Google Public DNS source ranges

Type 1 and Type 2 targets

Cloud DNS requires the following to access a Type 1 or a Type 2 target. These requirements are the same whether the target is an RFC 1918 IP address and you're using standard routing or if you choose private routing:

  • Firewall configuration for 35.199.192.0/19

    For Type 1 targets, create an ingress allow firewall rule for TCP and UDP port 53 traffic, applicable to your forwarding targets in each authorized VPC network. For Type 2 targets, configure an on-premises network firewall and similar equipment to permit TCP and UDP port 53.
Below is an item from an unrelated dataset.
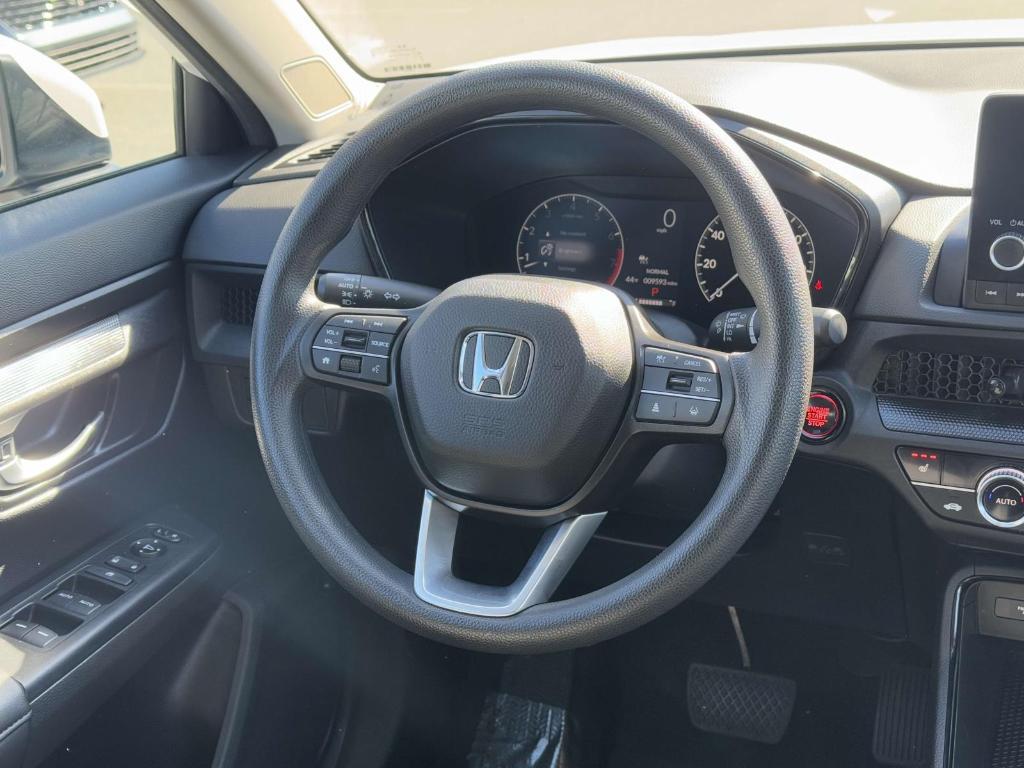 used 2024 Honda CR-V car, priced at $31,250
  • Route to the forwarding target

    For Type 1 targets, Cloud DNS uses a subnet route to access the target in the VPC network authorized to use the forwarding zone. For Type 2 name targets, Cloud DNS uses either custom dynamic or custom static routes, except for tagged static routes, to access the forwarding target.

  • Return route to 35.199.192.0/19 through the same VPC network

    For Type 1 targets, Google Cloud automatically adds a special return route for the 35.199.192.0/19 destination. For Type 2 targets, your on-premises network must have a route for the 35.199.192.0/19 destination, whose next hop is in the same VPC network where the request originated, through a Cloud VPN tunnel or VLAN attachment for Cloud Interconnect.. For information about how to meet this requirement, see return route strategies for Type 2 targets.
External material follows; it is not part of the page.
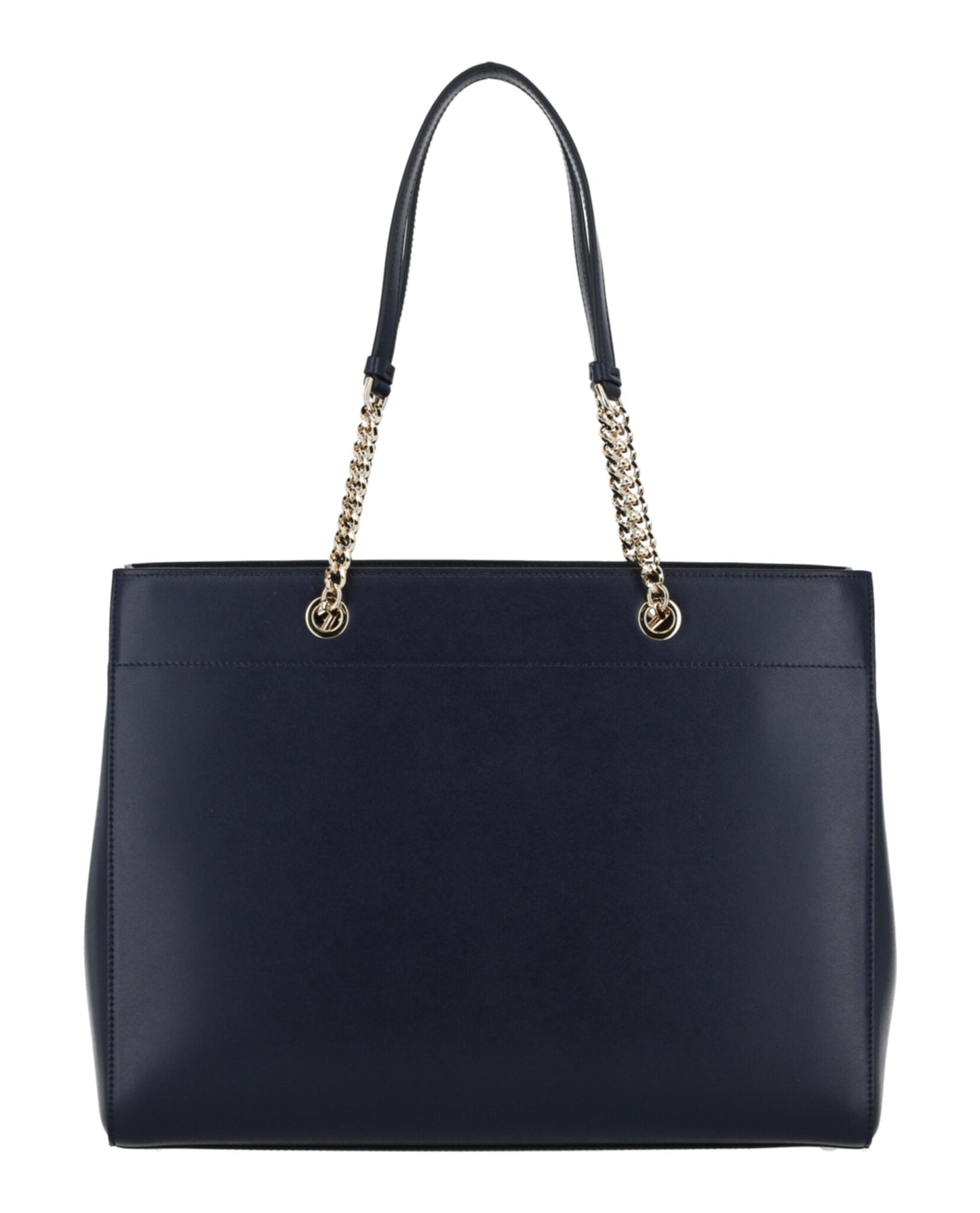 Ferragamo Vara Bow Smooth Leather Tote Womens 21H500-753249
  • Direct response from target

    Cloud DNS requires that the forwarding target that receives packets be the one that sends replies to 35.199.192.0/19. If your forwarding target sends the request to a different name server, and that other name server responds to 35.199.192.0/19, Cloud DNS ignores the response. For security reasons, Google Cloud expects the source address of each target name server's DNS reply to match the IP address of the forwarding target.

Return route strategies for Type 2 targets

Cloud DNS cannot send responses from Type 2 forwarding targets over the internet or through a different VPC network. Responses must return to the same VPC network, although they can use any Cloud VPN tunnel or VLAN attachment in that same network.
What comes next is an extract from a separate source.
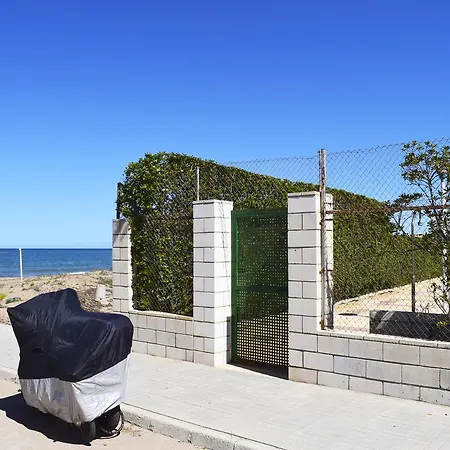 아파트 Anacasa Bahia De Les Marines Ap2111 데니아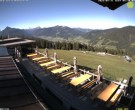 Archiv Foto Webcam Reitlehen Alm am Monte Popolo, Eben im Pongau 07:00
  • For Cloud VPN tunnels that use static routing, manually create a route in your on-premises network whose destination is 35.199.192.0/19 and whose next hop is the Cloud VPN tunnel. For Cloud VPN tunnels that use policy-based routing, configure the Cloud VPN's local traffic selector and the on-premises VPN gateway's remote traffic selector to include 35.199.192.0/19.
  • For Cloud VPN tunnels that use dynamic routing or for Cloud Interconnect, configure a custom route advertisement for 35.199.192.0/19 on the BGP session of the Cloud Router that manages the tunnel or VLAN attachment.

Type 3 targets

When Cloud DNS uses standard routing to access an external IP address, it expects the forwarding target to be either a system on the internet, publicly accessible, or an external IP address of a Google Cloud resource.

For example, a Type 3 target includes the external IP address of a VM in a different VPC network.

Private routing to Type 3 targets is not supported.